-- Information shown --
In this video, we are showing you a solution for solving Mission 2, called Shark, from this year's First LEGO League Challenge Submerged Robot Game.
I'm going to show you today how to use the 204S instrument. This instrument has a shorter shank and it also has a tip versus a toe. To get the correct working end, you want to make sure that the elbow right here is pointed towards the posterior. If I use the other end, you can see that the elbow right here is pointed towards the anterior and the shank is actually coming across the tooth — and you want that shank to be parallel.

--

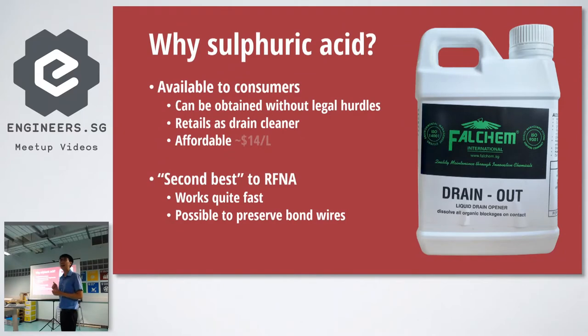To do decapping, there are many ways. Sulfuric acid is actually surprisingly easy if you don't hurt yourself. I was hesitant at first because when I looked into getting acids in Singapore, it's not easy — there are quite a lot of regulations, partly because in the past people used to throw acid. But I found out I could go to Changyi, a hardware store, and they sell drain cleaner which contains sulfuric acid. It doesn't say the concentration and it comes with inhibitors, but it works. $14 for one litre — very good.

-- What to do --
Look above for the line holding "In this video, we" and the line holding "I'm going to", then output exactly those two lines and every line between them, nothing more.

-- Task response --
In this video, we are showing you a solution for solving Mission 2, called Shark, from this year's First LEGO League Challenge Submerged Robot Game.
I'm going to show you today how to use the 204S instrument. This instrument has a shorter shank and it also has a tip versus a toe. To get the correct working end, you want to make sure that the elbow right here is pointed towards the posterior. If I use the other end, you can see that the elbow right here is pointed towards the anterior and the shank is actually coming across the tooth — and you want that shank to be parallel.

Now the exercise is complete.